JP2010194504A - System for treating exhaust gas by electron beam irradiation - Google Patents

Abstract

<P>PROBLEM TO BE SOLVED: To provide an apparatus for efficiently decomposing NO<SB>x</SB>contained in exhaust gas at a low cost. <P>SOLUTION: The apparatus for treating exhaust gas comprising NO<SB>x</SB>is characterized in that a feed pipe for feeding exhaust comprising NO<SB>x</SB>is connected to the inlet of a container including an inlet and an outlet and storing an adsorbent of NO<SB>x</SB>, and an electron beam device and a nitrogen gas feeder are connected to each other via a switching valve in the middle of the feed pipe. <P>COPYRIGHT: (C)2010,JPO&INPIT

Description

  The present invention relates to a system for decomposing NOx by irradiating exhaust gas containing NOx with an electron beam.

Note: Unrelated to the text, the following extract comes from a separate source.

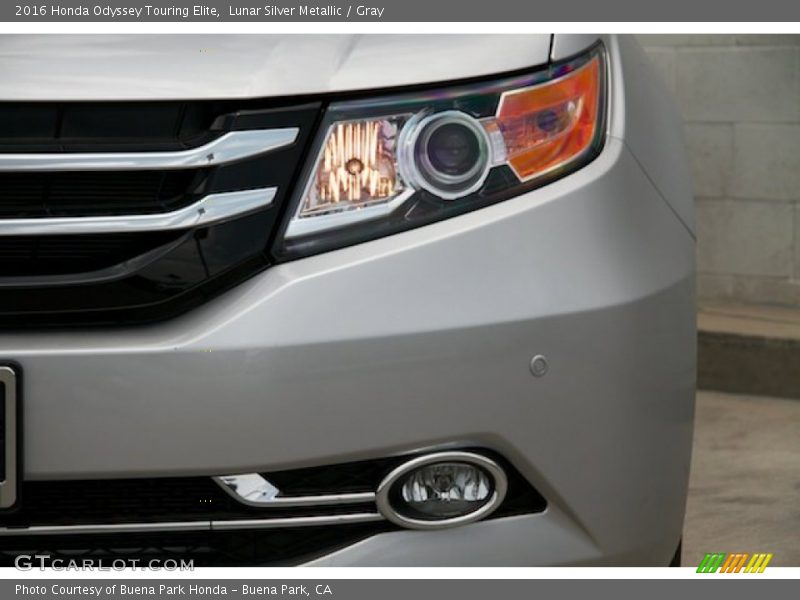 Lunar Silver Metallic / Gray 2016 Honda Odyssey Touring Elite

  Conventionally, as a method for treating exhaust gas containing NOx, NOx-containing gas is caused to flow through an adsorbent to adsorb NOx, and after replacing the atmospheric gas with nitrogen gas, heating is performed to release NOx, and this gas is discharged. NOx is reduced by the above method (Patent Document 1), after NOx is adsorbed on the adsorbent, the atmosphere gas is replaced with nitrogen gas having an oxygen concentration of 10 vol% or less and a purity of 90 vol% or more, and then the adsorbent is not heated A method (Patent Document 2) in which plasma is applied to desorb NOx and regenerate the adsorbent is known.

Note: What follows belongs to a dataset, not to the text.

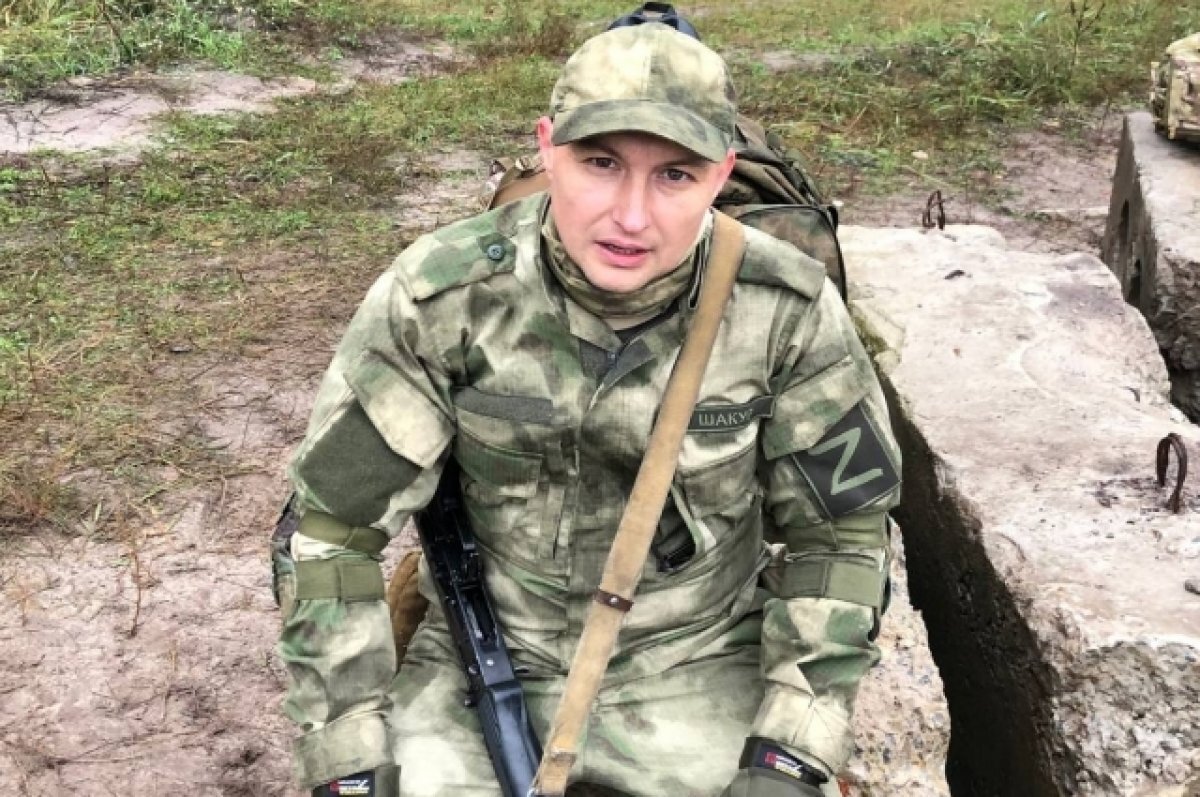    Эдуард Шарафиев служивший по контракту в зоне СВО, приезжает туда и сейчас.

  Further, in the method of removing nitrogen oxides and / or sulfur oxides in exhaust gas by adding ammonia to the exhaust gas and irradiating the electron beam, the position of ammonia addition is determined at the center of the electron beam irradiated into the reactor. A method (Patent Document 3) is also known in which the range of the electron beam is within 2.5 times the upstream side of the exhaust gas.

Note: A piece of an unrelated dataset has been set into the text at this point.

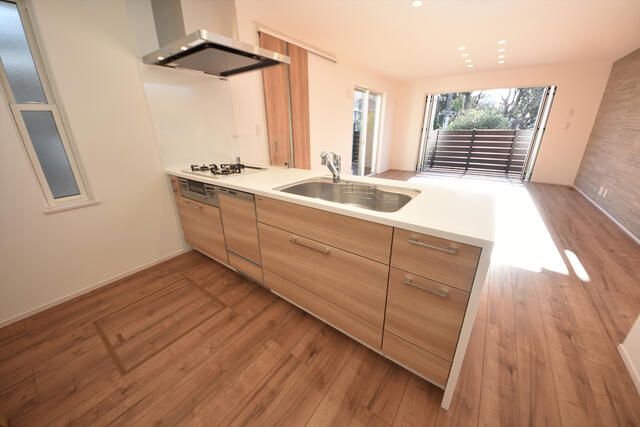 2SLDK New House for Sale in Ogikubo, Suginami, Tokyo - Thumbnail 4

Further, as shown in FIG. 3, the engine exhaust is introduced into the adsorption tower A to adsorb NOx and the like, and then heated and introduced with nitrogen gas having oxygen of 10 vol% or less and purity of 90 vol% or more. A method is also known in which NOx is desorbed and nitrogen gas containing the desorbed NOx or the like is plasma treated to reduce NOx to N ₂ (Patent Document 4).

JP 2001-300409 A International Publication No. 2005 / 037412A1 Pamphlet JP-A-8-108037 JP 2007-321678 A

  The low-temperature plasma methods described in Patent Documents 1 and 2 have a problem in that the processing efficiency is poor, and in an ordinary exhaust gas containing about 10 vol% oxygen, an oxidation reaction proceeds rather than reduction, and reductive decomposition does not occur.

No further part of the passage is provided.